飯塚優子(レッドベリースタジオ代表)
8月2日(火)に開催したシンポジウムでの議論を継続していくためにスタートした「文化芸術は誰のもの?おかわり企画」。定期的な意見交換会のほかに、映画の上映会やさらなるシンポジウムの開催で、文化芸術への視野を広げ、議論を深める機会を設けました。

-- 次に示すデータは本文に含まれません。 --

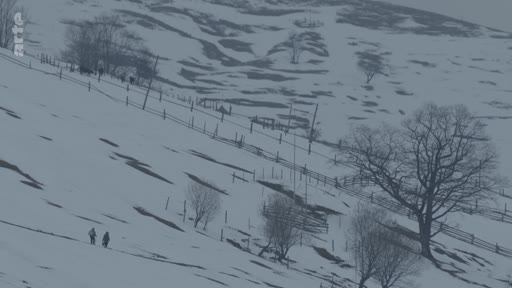 Deux individus traversent un flanc de colline couvert de neige, illustrant la vie quotidienne dans une région montagneuse ou rurale en hiver.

「私たちにとって芸術文化とは何か」「社会における芸術文化とは何か」。そんな根本的な問いに向き合うところからはじめた「北海道シアターカウンシルプロジェクト」。その連携企画として行った映画「アートなんかいらない!」の上映会や、藤野一夫さん(芸術文化観光専門職大学 芸術文化・観光学部教授)を講師に迎えたシンポジウム「文化芸術は誰のもの?戦後ドイツ・日本では」は、参加者に何をもたらしたのか。両企画に参加したレッドベリースタジオ代表の飯塚優子さんに講評をいただきました。また、1980年代の札幌のアートシーンを牽引したフリースペース「駅裏8号倉庫」の運営や北海道演劇財団の設立に取り組んできた飯塚さんに「北海道シアターカウンシルプロジェクト」の今後も展望していただきました。
以下、原稿。
「北海道ってなんだ?足元を掘ることからはじめよう。」
飯塚優子(レッドベリースタジオ代表)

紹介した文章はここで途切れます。